**Assigned task**
Everything in the listing below must be set down again exactly, apart from the pictures.

**Recorded data**
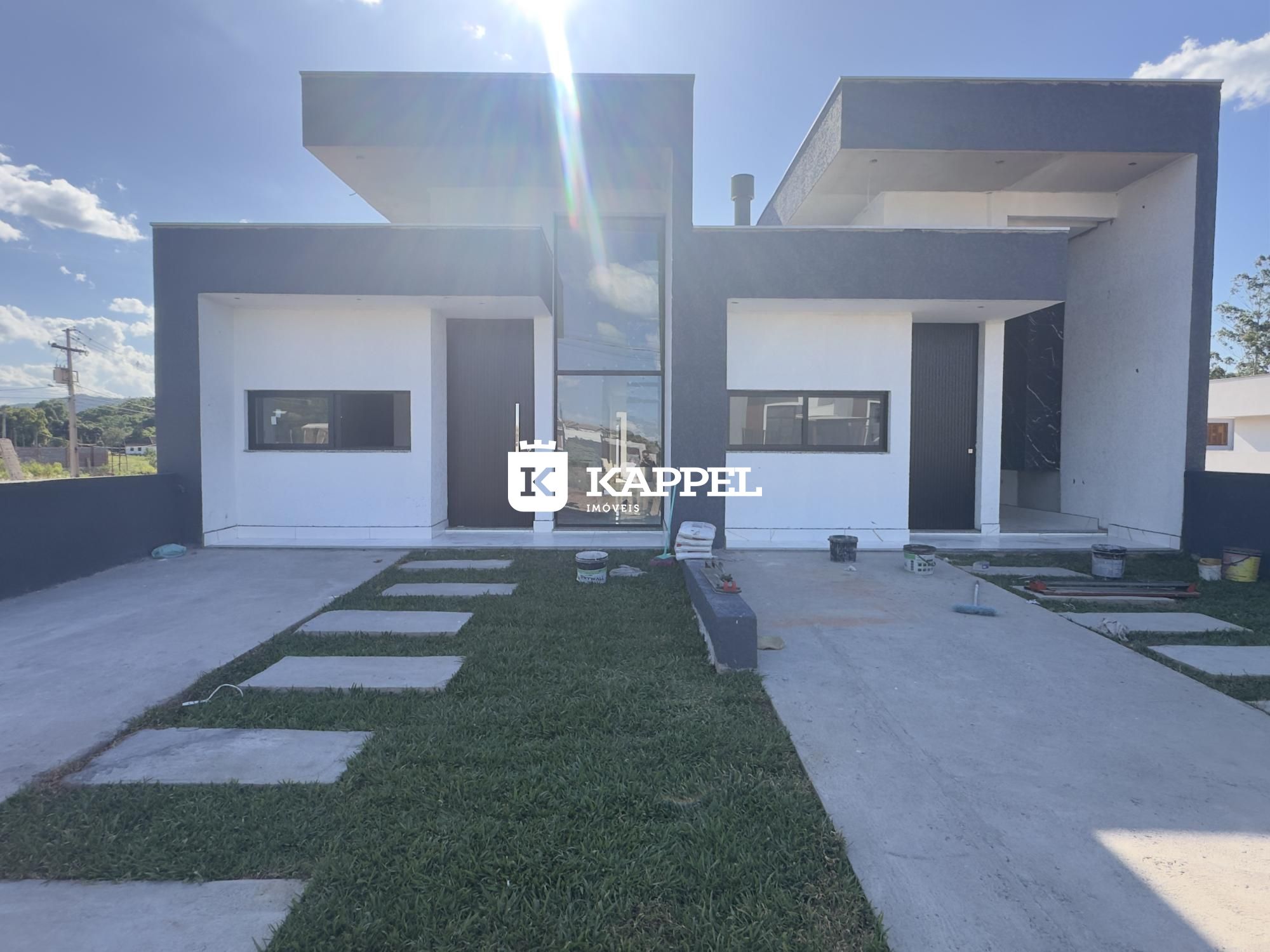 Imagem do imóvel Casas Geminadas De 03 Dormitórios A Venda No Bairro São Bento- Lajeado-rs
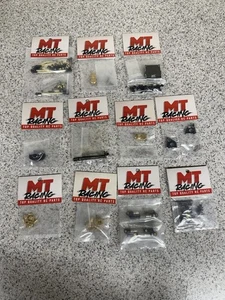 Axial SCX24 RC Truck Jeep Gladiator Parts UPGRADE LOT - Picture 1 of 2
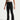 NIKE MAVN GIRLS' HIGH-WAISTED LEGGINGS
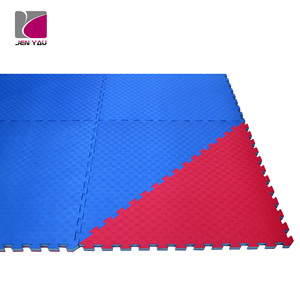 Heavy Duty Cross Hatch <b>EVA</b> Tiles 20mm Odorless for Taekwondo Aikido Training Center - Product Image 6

**Output**
 Imagem do imóvel Casas Geminadas De 03 Dormitórios A Venda No Bairro São Bento- Lajeado-rs
 Axial SCX24 RC Truck Jeep Gladiator Parts UPGRADE LOT - Picture 1 of 2
 NIKE MAVN GIRLS' HIGH-WAISTED LEGGINGS
 Heavy Duty Cross Hatch <b>EVA</b> Tiles 20mm Odorless for Taekwondo Aikido Training Center - Product Image 6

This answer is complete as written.